What follows is a detailed explanation of why their comment is based on the same assumptions that keep the industry focused on the wrong model.
What they said
Their comment described Click Time Protection like this:
- It replaces links inside emails with links that point to an inspection service.
- Every time a person clicks, the system scans the destination website.
- It uses URL reputation to check if the link is already known as malicious.
- It uses URL emulation to detect so called zero day phishing pages.
- They have seen examples that Microsoft passed but their tool blocked.
This is a textbook example of how detection is framed as protection. And it is exactly why phishing continues to succeed.
My response
Click Time Protection is still detection, just delayed until the moment someone clicks. Rewriting links and inspecting them at the moment of use might sound preventive, but the inspection engines they describe still depend on historical information and pattern matching. URL reputation only works when a link is already known. URL emulation still relies on signals that have to exist before the system can recognise them. Both engines require evidence, which new phishing links are designed not to provide.
The claim about zero day detection sounds impressive, but there’s no such thing as a zero day in phishing. Criminals discard phishing URLs after 7 minutes in a targeted attack and after around 13 hours in a bulk campaign (according to Google). The entire point is to avoid leaving any history for systems to analyse. If a link looks identical to a legitimate one and appears for the first time, there’s nothing for emulation to evaluate. That is why phishing remains the entry point for the vast majority of cyberattacks. It exploits the absence of data, not the presence of threats.
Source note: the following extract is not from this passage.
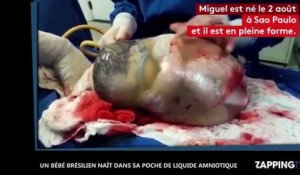 Un bébé brésilien naît dans son sac de liquide amniotique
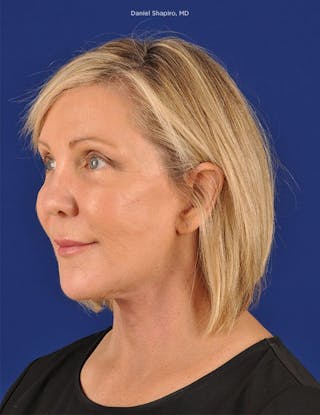 Facelift Before & After Gallery - Patient 10670404 - Image 4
Systems like this don’t change the fact that people are still told to stay vigilant and check links. If threat detection was reliable, that advice wouldn’t be necessary.
We’ve seen the same examples with every other vendor. One product may block something another misses, but the pattern is always the same.
The only way to remove the need for constant vigilance is to verify what’s legitimate before people place their trust in it. That requires Zero Trust for web links, where every URL is treated as untrusted until it has been verified as legitimate. Without that, the industry will continue to depend on reputational clues, pattern matching and AI models that can only make judgements about the past.
Why it’s important to highlight this conversation
People trust the language surrounding detection, real time scanning and zero day claims because it sounds like the industry is ahead of attackers. But phishing is not outpacing technology. It’s exploiting the same architectural flaw the web has had since the 1990s.
A brand new link that looks legitimate can’t be detected by any system that depends on historical evidence. That’s why phishing keeps winning.
Until we shift from detection to verification, the advice will stay the same.
“Stay vigilant.”
“Check suspicious links.”
And that advice alone is evidence that our current security systems can’t protect people in the way they assume they can.